What makes Facebook Prophet so great is the ability to customize the parameters. If the output is not satisfactory, tweaks can be made to the settings to retrieve the desired output. Uncertainty intervals can be adjusted to have higher or lower bounds. A higher interval_width will have upper and lower bounds that are more polarizing to the predicted value, while a lower interval_width will have bounds that are hardly different from the predicted value. Another customizable criteria is the ‘make_future_dataframe’ option. The user can choose how far into the future he or she wants to predict by adjusting the number of periods and the frequency of each period. For our forecasted house prices, we chose 36 periods of monthly frequency to predict 3 years into the future.

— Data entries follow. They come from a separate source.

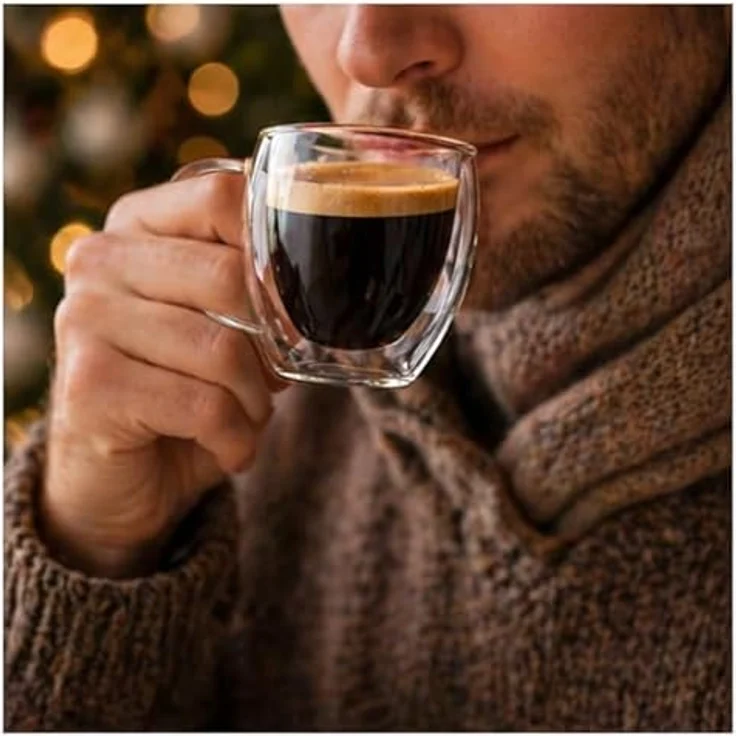 Creano Teeglas Thermoglas Espressoglas hoch, Borosilikatglas, 4 Gläser – Bild 6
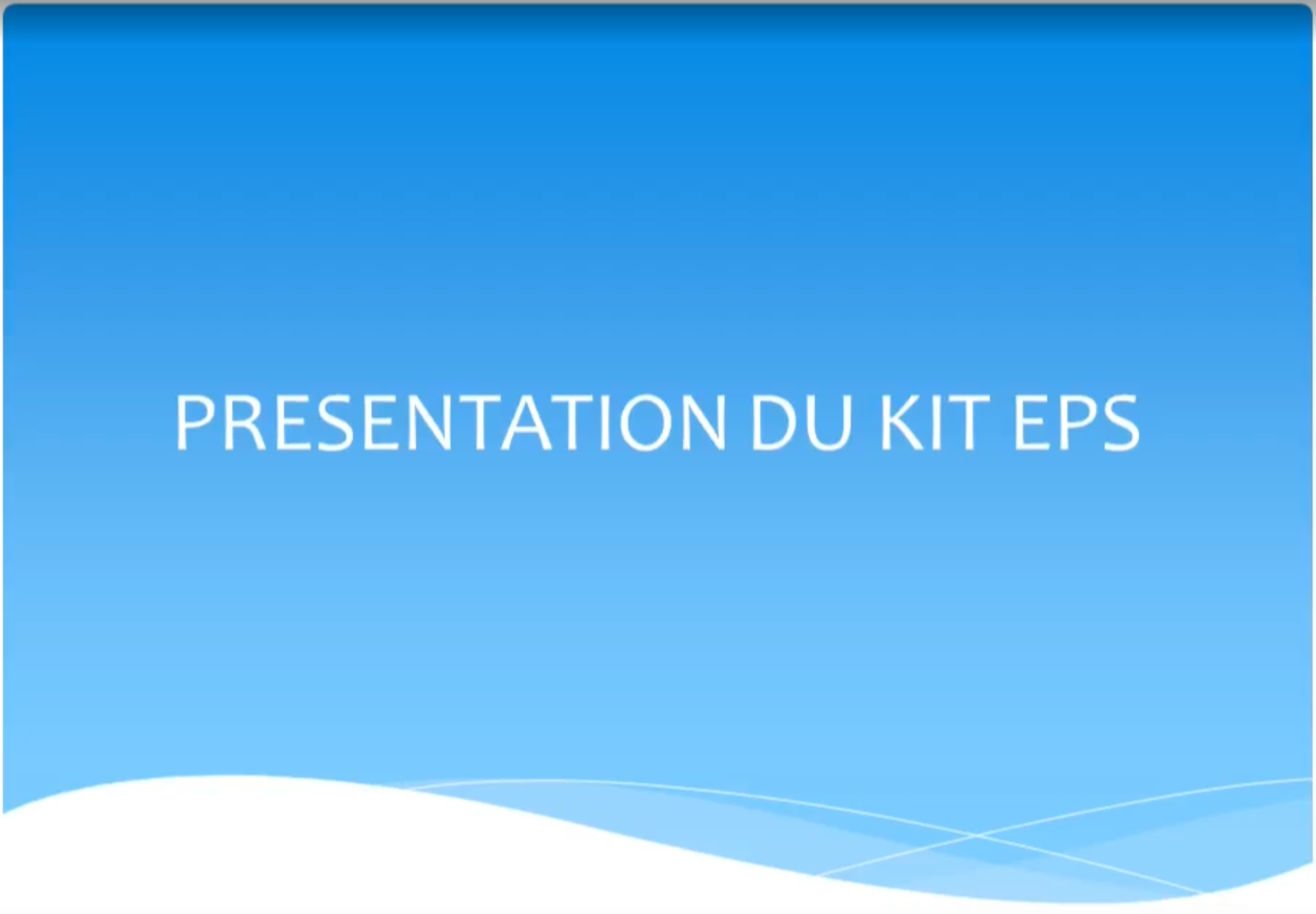 Kit Eps 95 Academie De Versailles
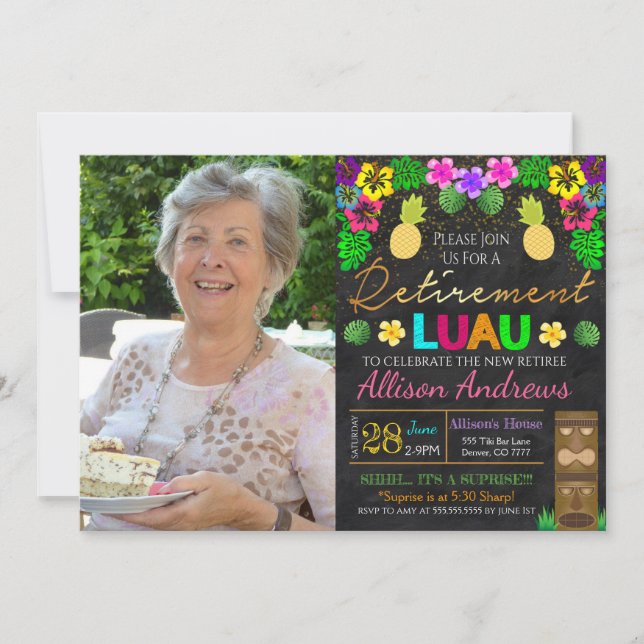 Invitation à la retraite de Luau (Devant)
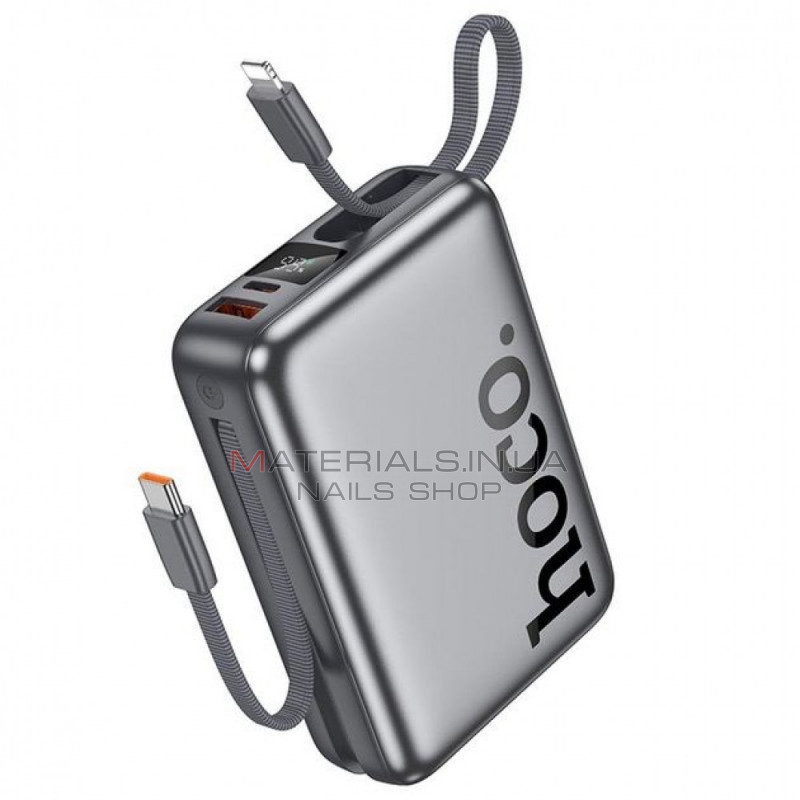 Power Bank 20000 mAh | 22.5W+PD20W — Hoco Q39 — Metal Grey Power Bank 20000 mAh | 22.5W+PD20W — Hoco Q39 — Metal Grey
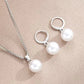 Wedding Pearl Jewelry Necklace Earrings Set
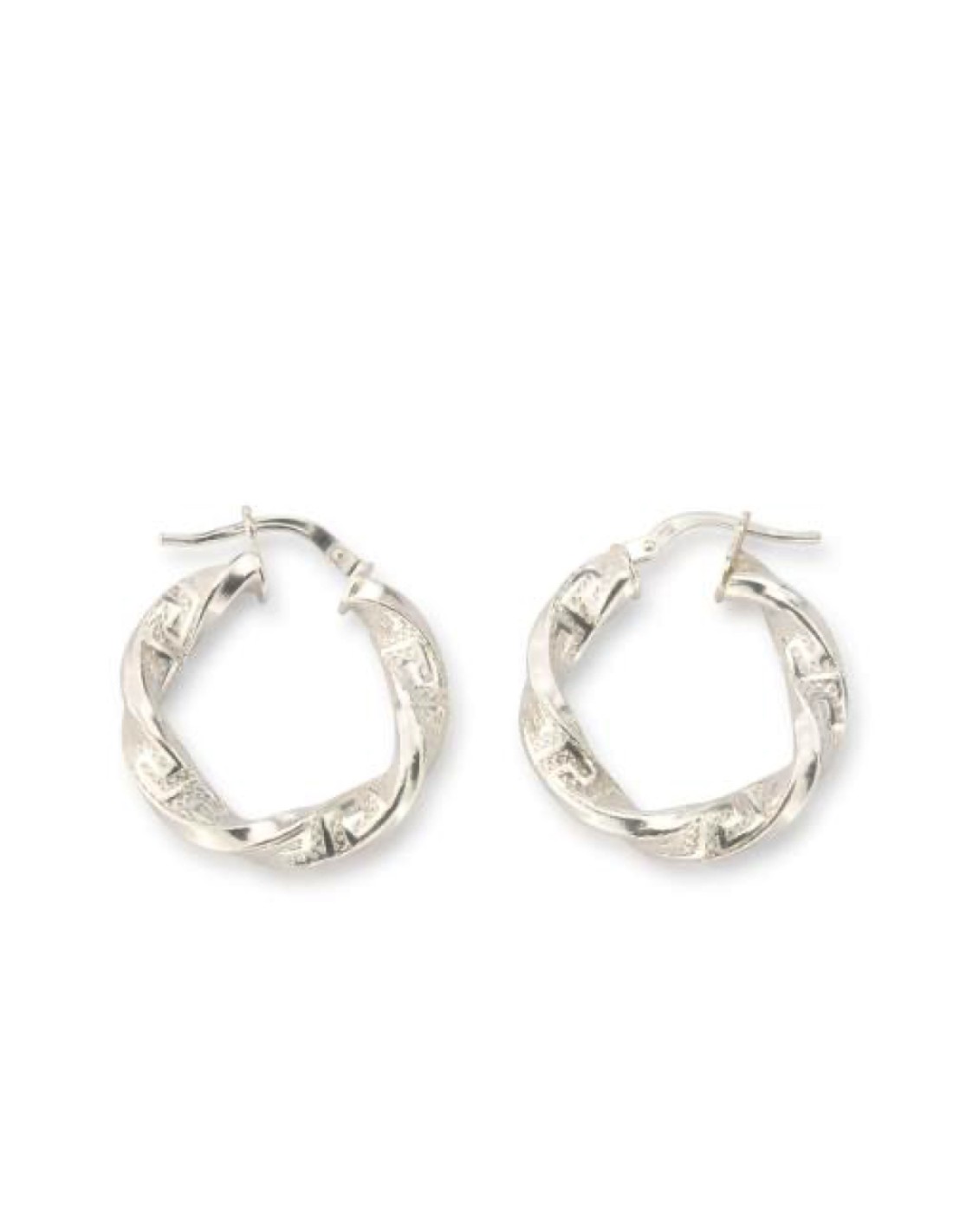 Pendientes Greca Plata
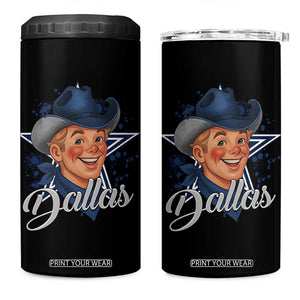 DFC Game Day 4 in 1 Can Cooler Tumbler Funny Blue Star Sport Fan Football Game TS11 One Size: 16 oz Black Print Your Wear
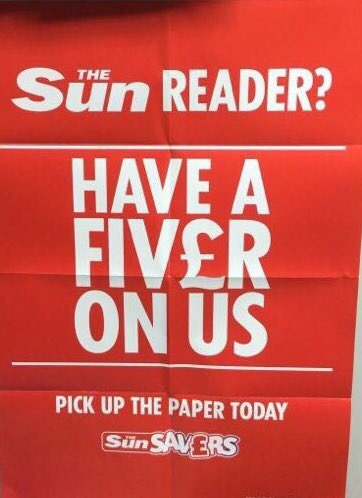 KaraA_NewsUK's tweet photo. #sunsaver make your Friday fab and pick up The Sun now and start collecting for FREE money. 28 codes = Β£5 https://t.co/n3SHfZ22n7
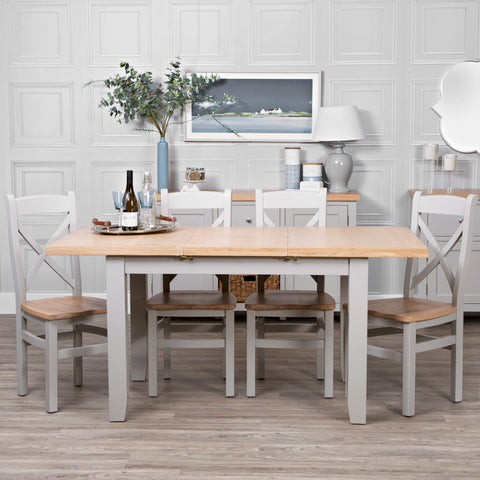 Easterly 1.2m Butterfly Extending Grey Dining Table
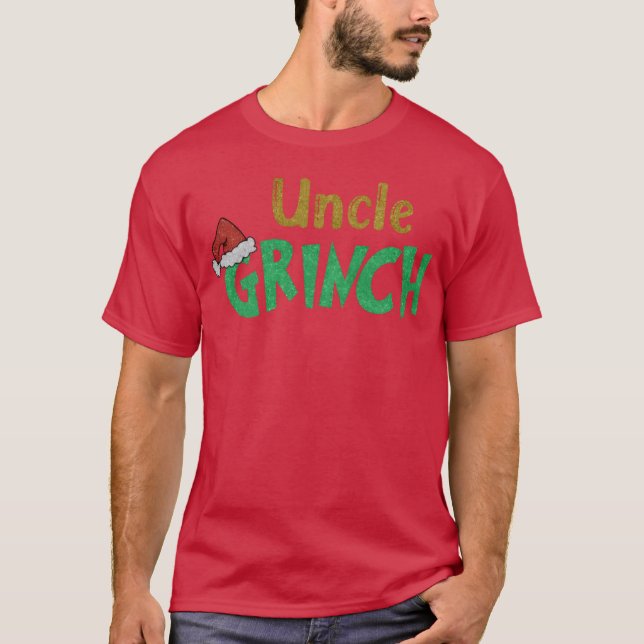 Farbror Santa Morbror Jul-familjens vän T Shirt (Framsida)
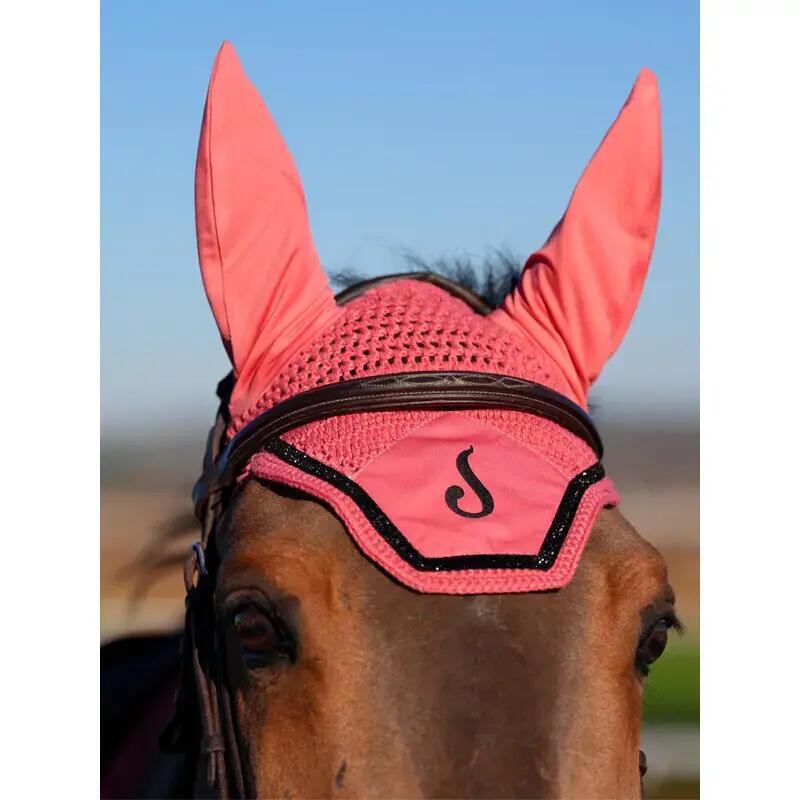Bonnet anti-mouches pour cheval court Le Sabotier Ludwig 2/2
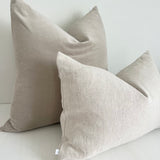 May Natural Heavy Linen Rectangle Cushion - Bulimba Home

How can we use this to our advantage to find the best zip code? We can use all the monthly average house prices from April 1996 to April 2018 to predict up to April 2021. Because Facebook Prophet will not adjust to future anomalies similar to the 2008 housing market crash, it’s never a good idea to predict too far into the future. In my opinion, 3 years or 36 periods of future data is the perfect medium for a housing price project.

Here is the problem. Facebook Prophet can only predict one zip code at a time but we have exactly 14,723 zip codes to predict! While it is possible to find the 5 best zip codes in the nation, I did not have the time nor did I believe in my computer to handle such a tremendous task. Being a NYC native, I decided to focus my attention on the Metropolitan area of New York.

I decided the best way to tackle this scenario is to find the 3 best counties to invest in. Then for each of the 3 counties, find the 3 best zip codes giving us 9 potential zip codes. Because Facebook Prophet can only predict one dataset at a time, we would need to average out all the zip codes data for each time period within the county. For example, for the 6 zip codes in Manhattan, I averaged the zip codes for each month. Then using a for loop, I used the Facebook Prophet model on all 12 counties. The top 3 counties to potentially invest in were Manhattan, Brooklyn, and Queens.

Now to do the same with each zip code in all 3 counties. In the end, I found that Brooklyn had 4 out of top 5 zip codes to invest amongst all NY counties. The top zip code, 11222, show an increase of 40.8% from April 2018 to April 2021. That would be a much better investment than the national average housing increase of 13.8%.

Although netting a positive return on investment is always a good thing, if the average housing price increases, it’s our job as data scientists to find the zip code with the highest increase. If the average housing price decreases, we should be able to choose a zip code with the lowest decrease. With the proper models and predictions, we are able to find the zip codes with the highest yield and lowest risk.